*To do*.
From start to end, write out the following data exactly, apart from its images.

*Data block*.
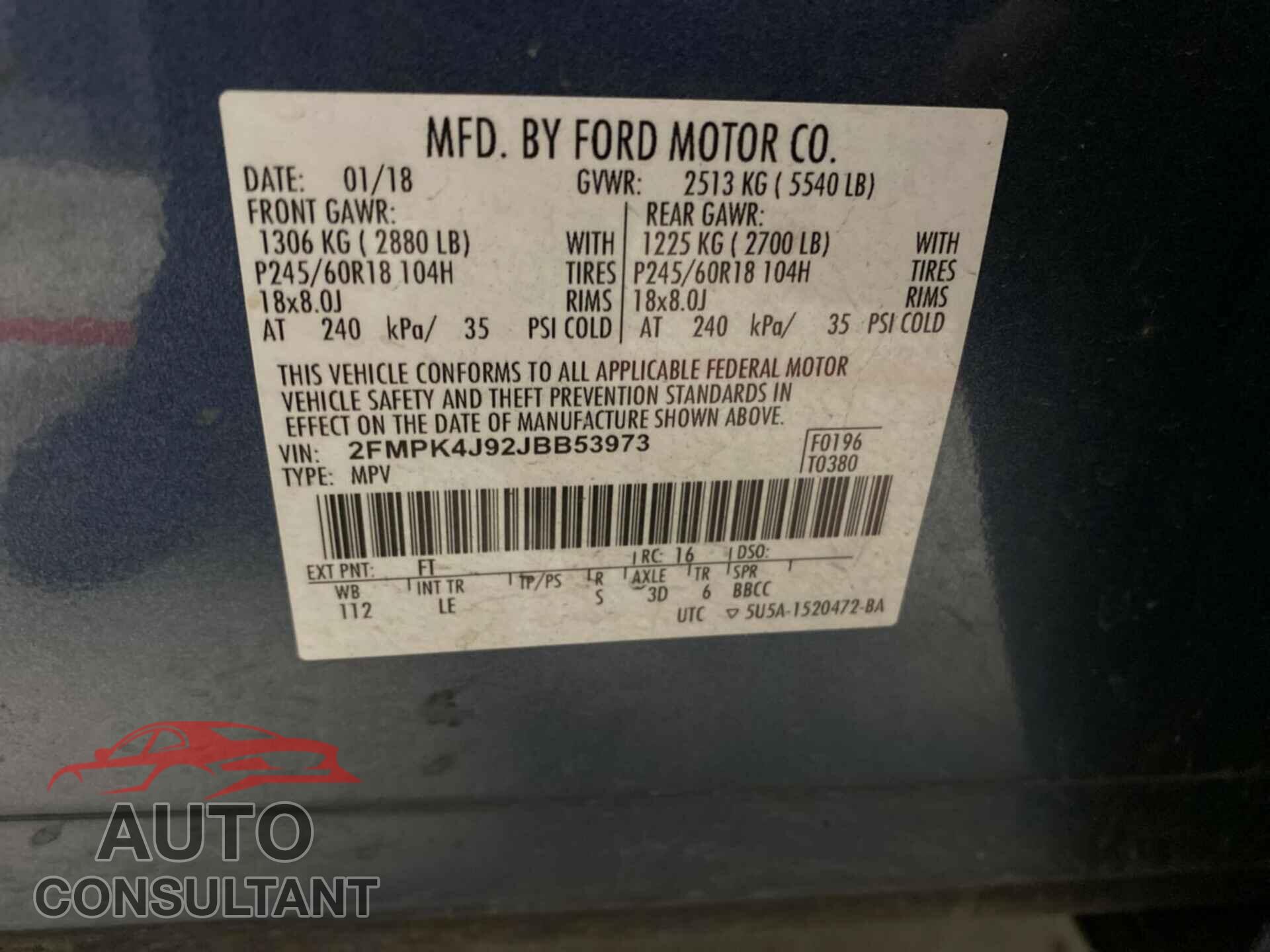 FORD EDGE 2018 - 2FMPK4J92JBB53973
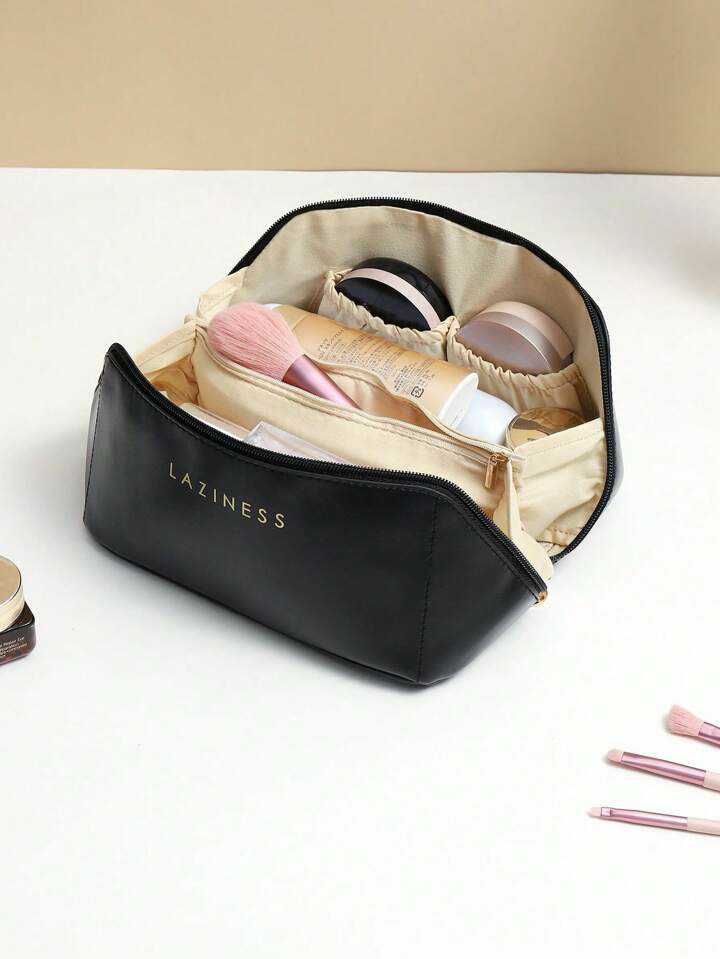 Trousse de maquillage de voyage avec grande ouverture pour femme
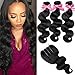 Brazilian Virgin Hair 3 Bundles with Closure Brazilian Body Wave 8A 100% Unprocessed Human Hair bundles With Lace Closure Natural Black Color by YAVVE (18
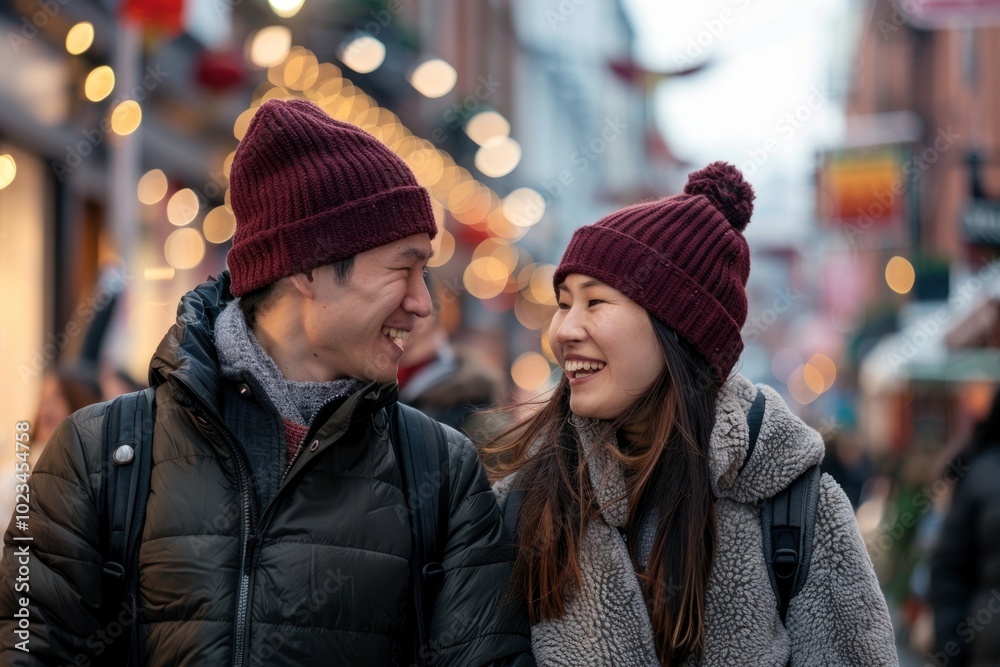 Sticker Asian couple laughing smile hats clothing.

*Task answer*.
 FORD EDGE 2018 - 2FMPK4J92JBB53973
 Trousse de maquillage de voyage avec grande ouverture pour femme
 Brazilian Virgin Hair 3 Bundles with Closure Brazilian Body Wave 8A 100% Unprocessed Human Hair bundles With Lace Closure Natural Black Color by YAVVE (18
 Sticker Asian couple laughing smile hats clothing.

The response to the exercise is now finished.